- [Exercise]:
Start with the line that holds "Modern Nordic Colorful". Please copy it and each remaining line below exactly, leaving pictures out.

- [Short text fragments from websites]:
──────

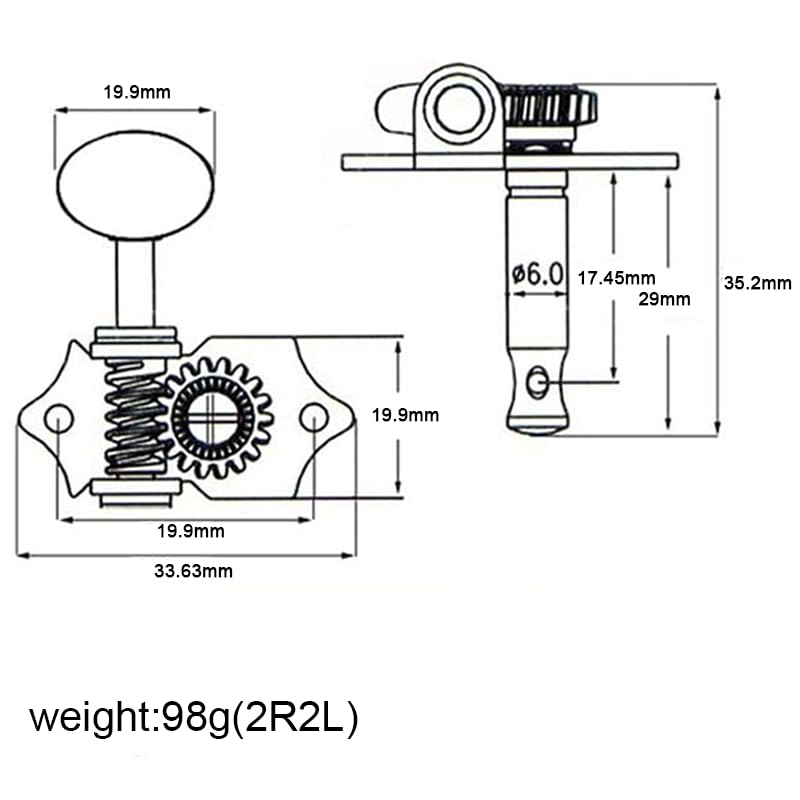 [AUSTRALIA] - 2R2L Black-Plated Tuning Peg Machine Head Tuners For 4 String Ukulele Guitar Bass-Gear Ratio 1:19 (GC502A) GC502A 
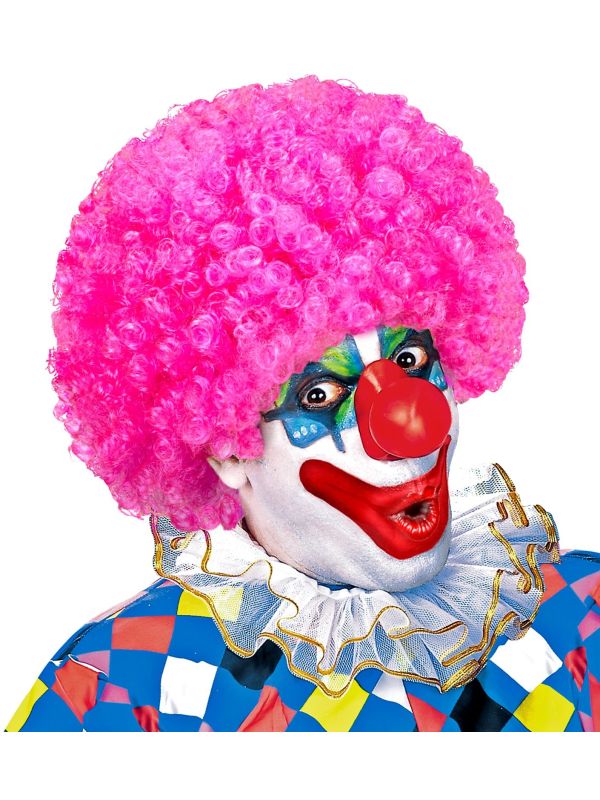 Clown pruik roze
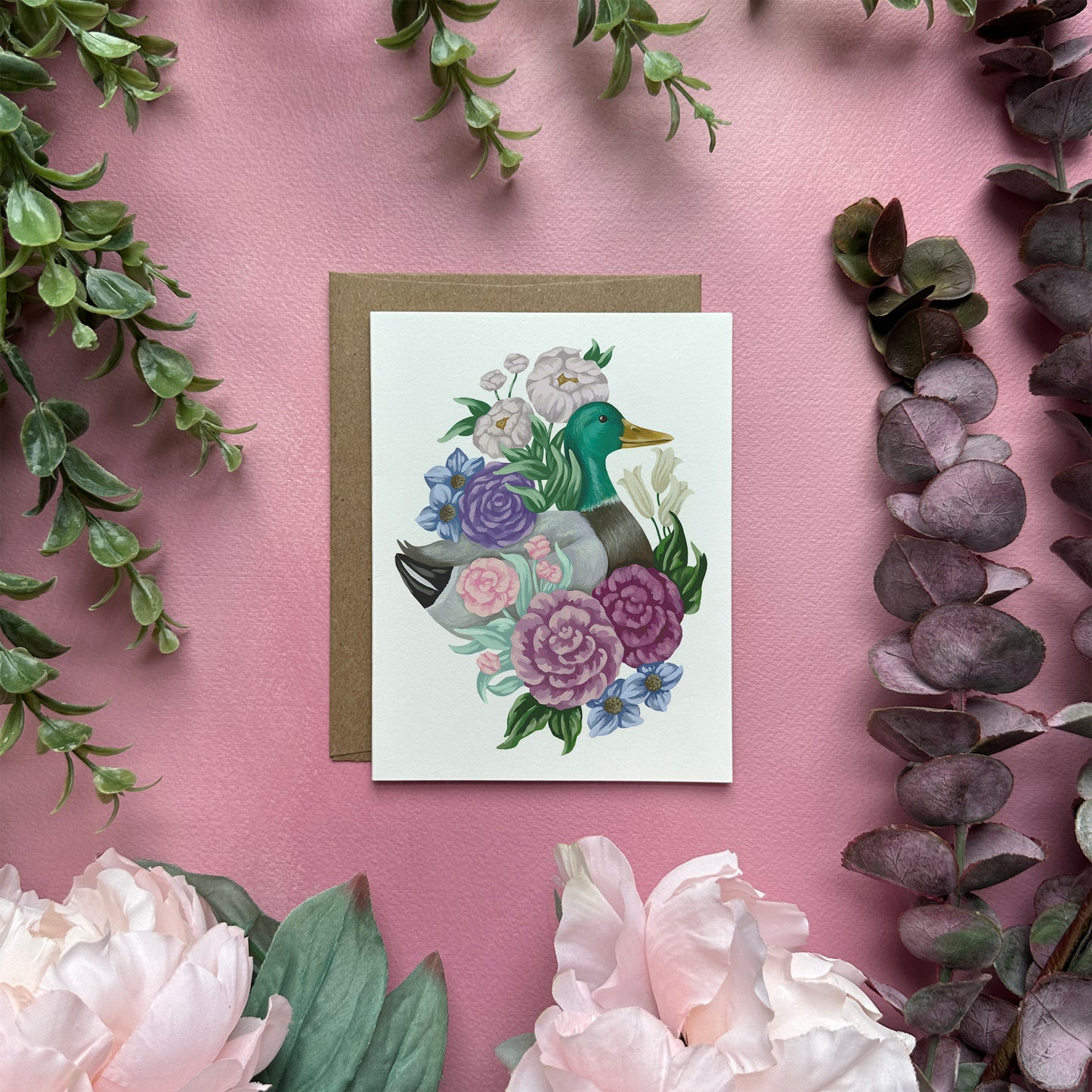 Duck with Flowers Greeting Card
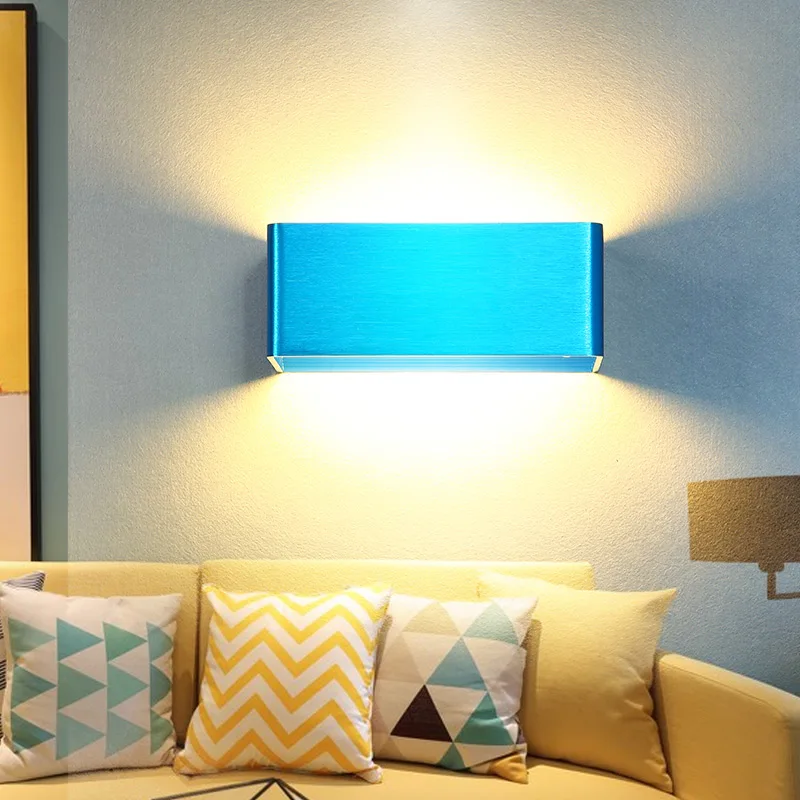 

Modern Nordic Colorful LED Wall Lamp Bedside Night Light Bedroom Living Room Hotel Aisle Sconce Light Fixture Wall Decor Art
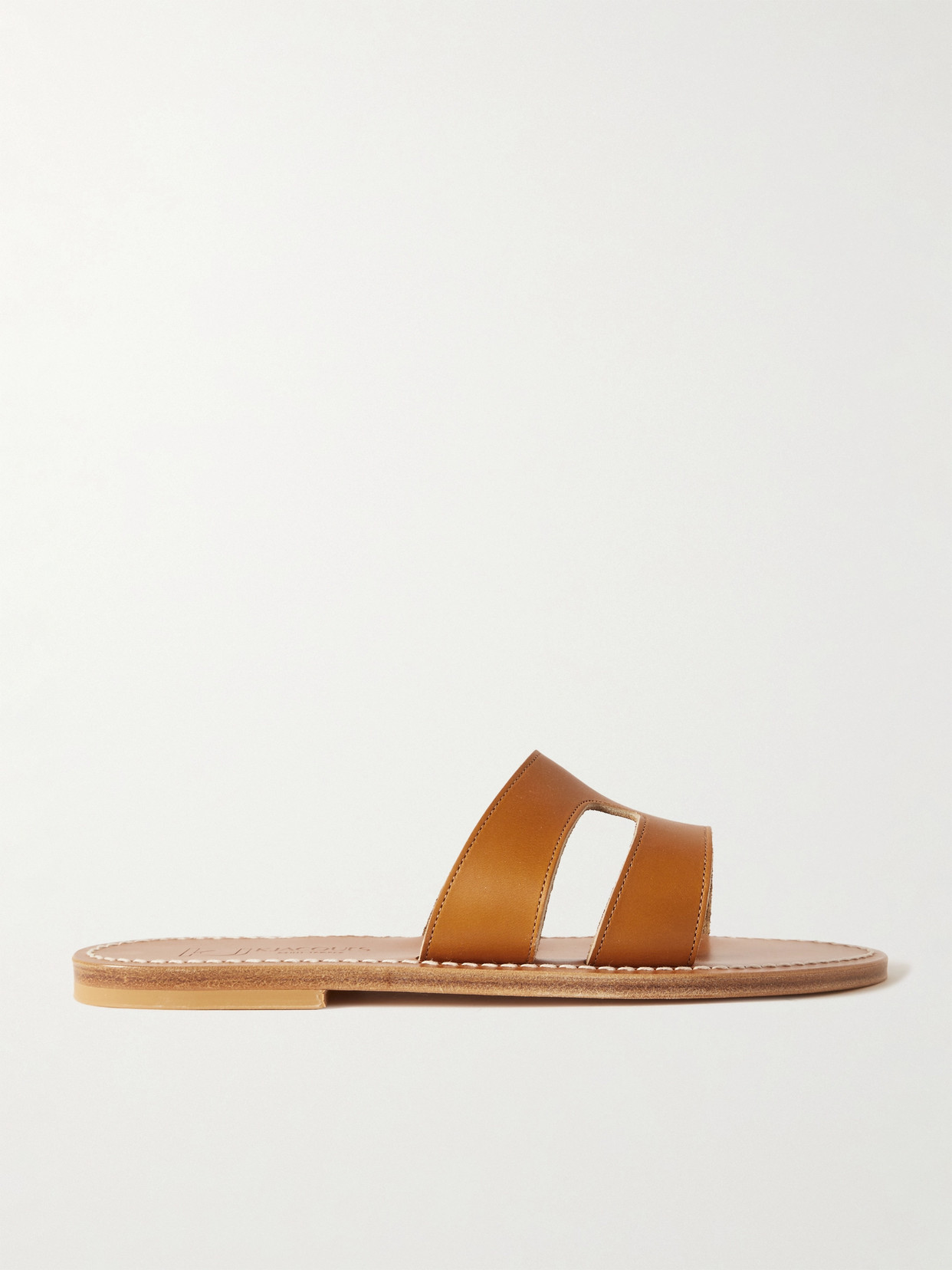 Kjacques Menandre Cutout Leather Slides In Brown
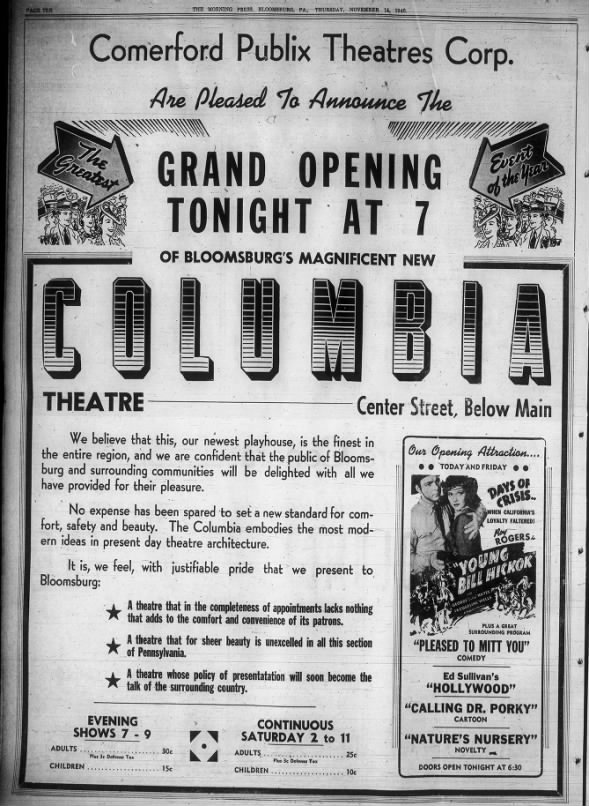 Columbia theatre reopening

──────

- [Written answer]:
Modern Nordic Colorful LED Wall Lamp Bedside Night Light Bedroom Living Room Hotel Aisle Sconce Light Fixture Wall Decor Art
 Kjacques Menandre Cutout Leather Slides In Brown
 Columbia theatre reopening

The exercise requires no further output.